Are Google employees more productive because of company perks? - Reedx
https://www.quora.com/Are-Google-employees-more-productive-because-of-company-perks?share=1
======
ridiculous_fish
Xoogler here; this information is circa 2015.

The infamous perks are low-order bits for personal productivity. For example,
on-site food is nice, but making it free actually hurts productivity: larger
crowds so you spend more time waiting, you are more likely to travel between
different cafes just to sample things, etc.

However company-wide these are much more valuable because they improve
recruiting and especially retention. Nothing hurts productivity like employee
turnover! This is why they are a smart investment for the company.

As for personal productivity, these were the biggest perks:

1\. The shuttle. This gave me effectively two additional hours working instead
of driving.

2\. Fast hardware. I had a 64 GB Mac Pro, plus laptops and dev servers. Sweet!

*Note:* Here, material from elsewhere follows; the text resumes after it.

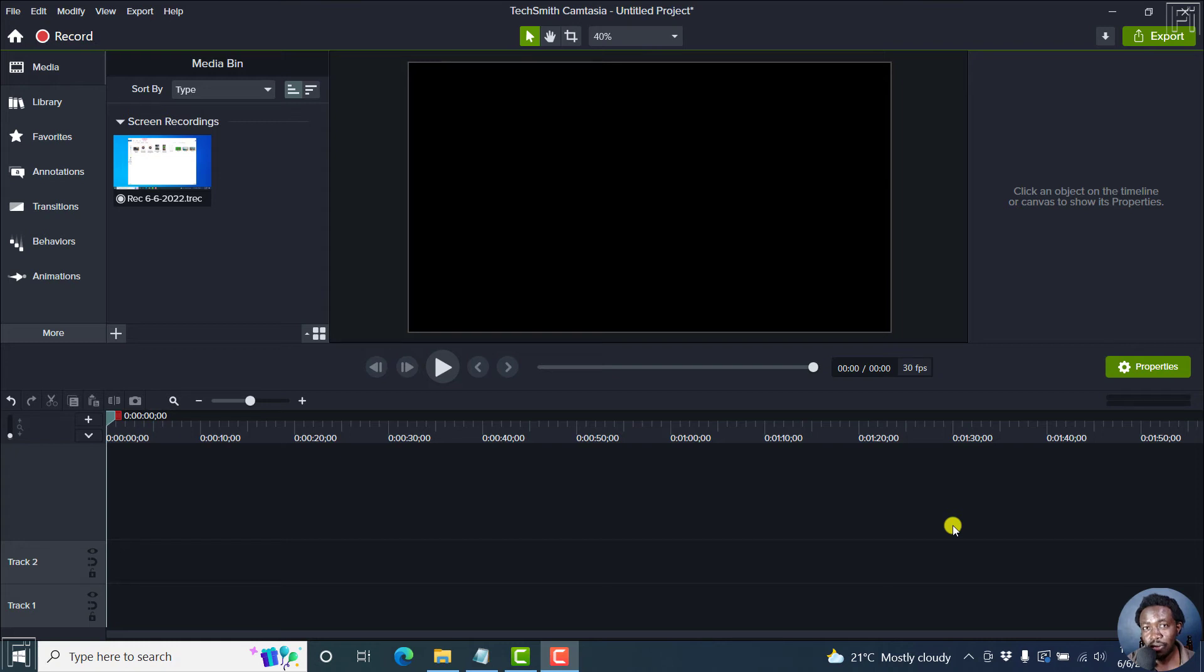In this quick tutorial, I'll show you how to save cursor presets in Camtasia 2022. Welcome to this video.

But there were also "anti-perks" that hurt my productivity:

1\. Cramped and ghastly loud open office (building 40). It was difficult to
focus.

2\. Insufficient physical space. My job required wiring up a lot of PCBs and
prototype hardware, but I had the same desk as someone just writing code. I
had to "swap" my physical setups.

3\. Highly distributed team. Having key team members in Asia meant ~16 hour
cycle time for questions, code review, etc. (Plus expect to spend a portion of
each meeting fighting with VC.)

However if we take productivity as literally "producing valuable things" and
not false metrics like LOC or bug fix count, then IMO these were the highest
company-wide productivity killers:

1\. Leadership churn, leading to project churn and cancellation. Not the
healthy reevaluation of underperforming projects, but rather arbitrary "make a
mark" changes associated with new directors/VPs.

2\. Performance review over-weighting "creating something new" leading to
unnecessary duplication. A Googler who creates a (say) new build system excels
the one who adapts an existing build system. This is visible all the way to
the product level, e.g. their many chat apps.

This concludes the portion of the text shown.